Alla maniera di Lucrezio, perché? Galimberti (Le cose dell'amore, Feltrinelli 2005) ci conduce lungo un percorso classico, tra Socrate, Platone, Nietzsche e Schopenhauer (che alla classicità non erano alieni) e finalmente a Freud e al rapporto con la follia. Questo il percorso dell’amore; ma cosa lungo la strada?
Una ricerca di qualcosa smarrita e uno smarrimento, se quella ricerca non approda a risposte e questo, visto il testo e le sue affascinanti tortuosità, è l’esito più probabile.
L’identità è sia l’oggetto smarrito che l’esito della ricerca, e se Galimberti ne rende improbabile la soluzione accompagnandoci forse troppo tra meandri di pensieri ormai lontani, non manca tuttavia di offrire soluzione, visto che quei meandri altro non sono che i luoghi di un linguaggio diverso che diversamente si è espresso: l’inconscio. E questo è chiaro, se nei meandri non ci siamo persi.
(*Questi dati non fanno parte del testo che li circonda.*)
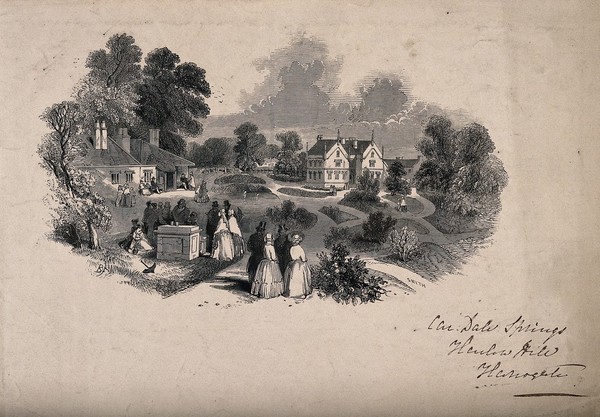 Car Dale Springs, Harrogate, Yorkshire. Wood engraving by Smyth after B.F.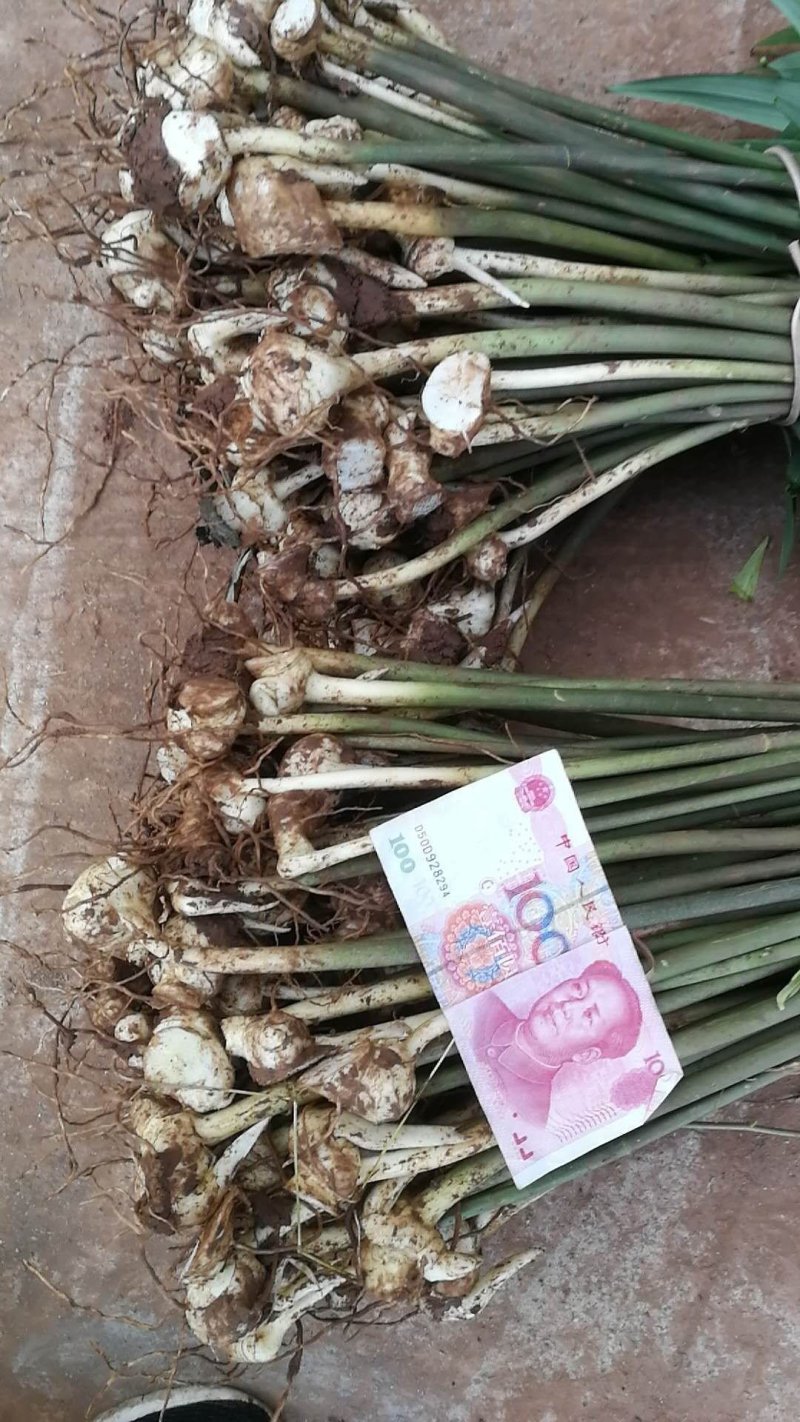 多花姜型不倒苗甜黄精种苗块茎苗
Amare non è scelta: è patimento. L’amore si patisce perché avviene e avviene precisamente nel momento in cui rispecchiamo i nostri frammenti nei frammenti di uno specchio diverso che ci restituisce quel che non sappiamo di essere. Per questo amiamo; non l’altro: noi stessi. Il se stesso che ignoriamo e a cui aneliamo, che rispecchia quell’originaria mancanza a essere cui la simbiosi fin dalla nascita condanna. Amiamo, dunque? No. Potremmo dire che ci identifichiamo con un Ideale dell’Io mai realizzato; per questo idealizziamo e qui sta la follia perché non di idealizzare si tratta, ma di riconoscere. Un testo, allora, che non dell’amore parla ma dell’antiamore, di tutto ciò che non significa amare; se l’Ombra perduta dell’inconscio ci attira, l’altro è irriconoscibile nel suo vero essere; come noi stessi, che non siamo altro che frammenti.
Riconoscere, allora, e nell’incontro con la follia dell’inconscio frammentato, riconoscere è zattera di conoscenza. L’altro anelato è noi e dunque offre occasione di congiungimento con la dimensione della nostra mancanza. E della sua, perché se spogliato da ciò che non gli appartiene, anche l’altro apparirà come è davvero e, nella reciprocità del riconoscimento, ci vedrà finalmente come siamo. Riappropriazione di identità: questo è amore; non dispersione nei frammenti di una follia mai domata dall’amore.